Balancing Challenge and Support in High Performance Sport
7 May 2026
Bringing together National Sports Association coaches, managers, and practitioners to explore how safeguarding and high performance go hand in hand.
Safe Sport is not a box to be ticked. It is a culture, and culture is shaped through the hard questions that matter most.
Our latest Safe Sport workshop brought together 50 coaches, high performance managers, and practitioners from Singapore's National Sports Associations to examine why safeguarding matters, what risk factors look like in their environments, and how they can better support the athletes in their care.

Two key risk factors consistently surfaced: fear of speaking up due to perceived consequences, and cultures of tolerance that normalise concerning behaviour over time.
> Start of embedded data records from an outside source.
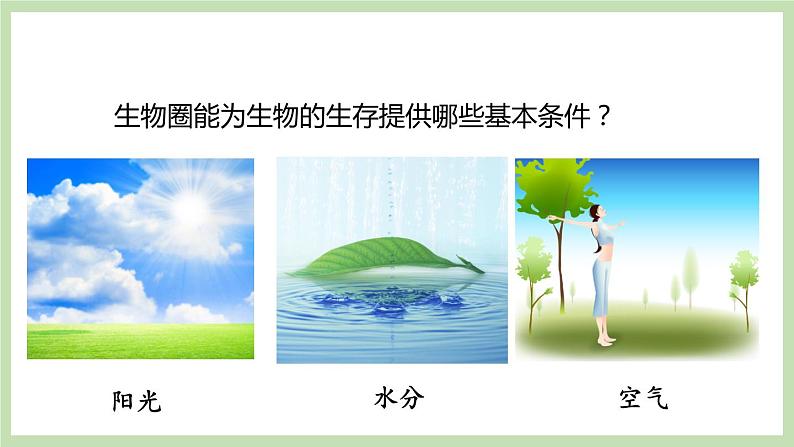 1.1.2生物的生活环境 课件 济南版生物七年级上册06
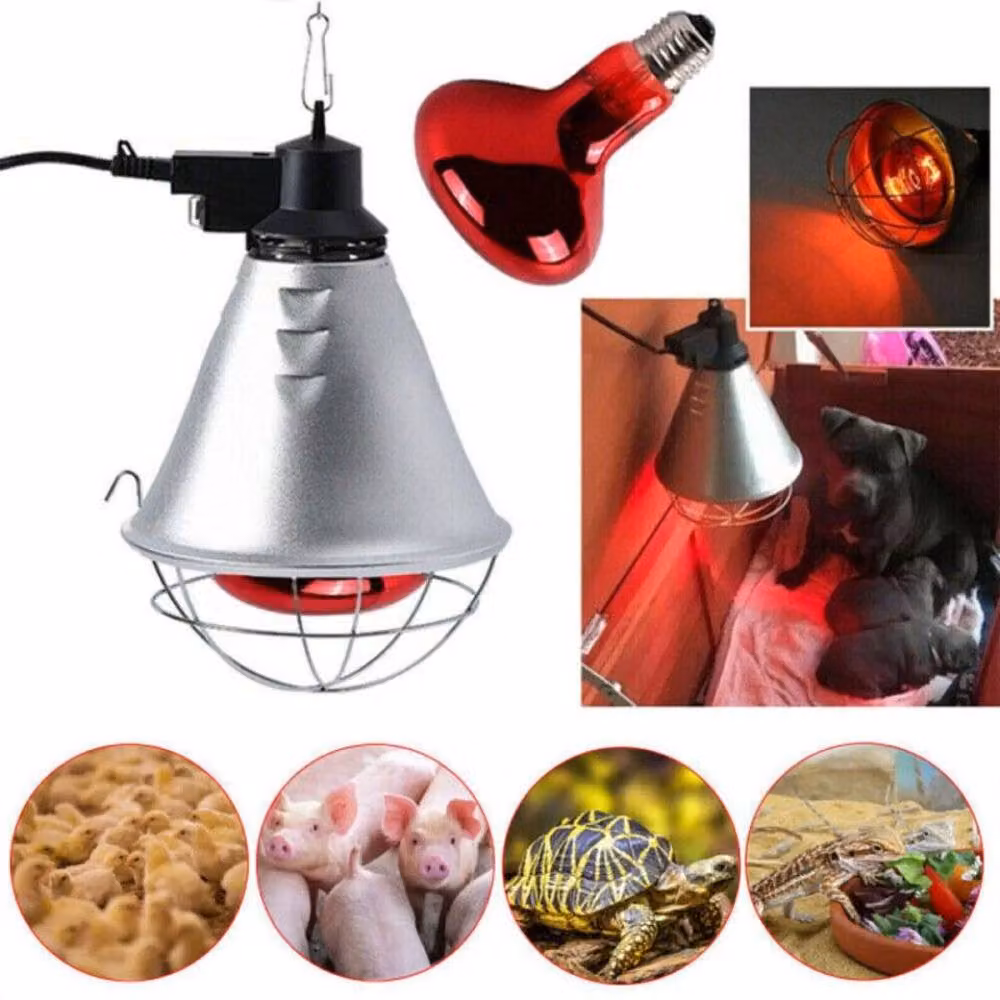 NESTLUNE Ruby 250w Infrared Heat Lamp and Bulb in Silver – 2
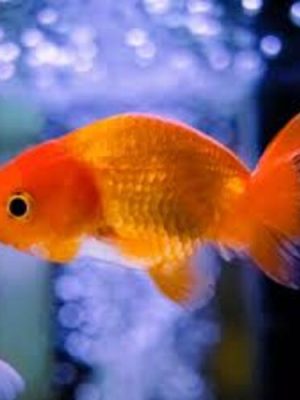 Kinguio Ranchu Red 6-9cm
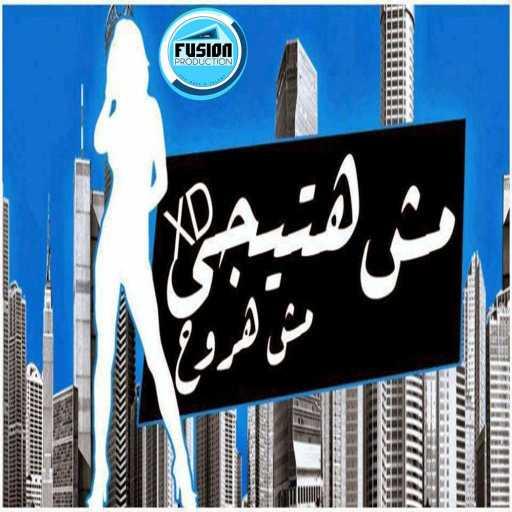 كلمات اغنية تيم حاحا – مهرجان مش هروح | سادات و فيفتى  و الزعيم مكتوبة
This reflects broader evidence in sport. Research by Hurst, Kavussanu & Stirling (2025) highlights that elite athletes report lower perceptions of psychological safety compared to recreational athletes, making them less likely to disclose experiences of interpersonal violence. This gap is not just theoretical — it is lived, and it is one the sport system must collectively address.

A key shift in thinking emerged during the workshop:
"The reassurance that Safe Sport is not about training weak athletes."
Through the challenge–support model by Fletcher and Sarkar, participants examined how high performance and athlete wellbeing are not opposing forces. Athletes can be pushed to excel while still being supported in environments that prioritise trust, respect, and psychological safety.
Participants reflected on what it would take to move closer to a truly facilitative culture:
"Thinking more intentionally about where my programme fits in the model."
"We have a responsibility to create and build a safe environment for everyone involved in our sport."
What stood out most was not just awareness, but ownership — a shared recognition that Safe Sport is built through everyday decisions, behaviours, and the norms we choose to uphold.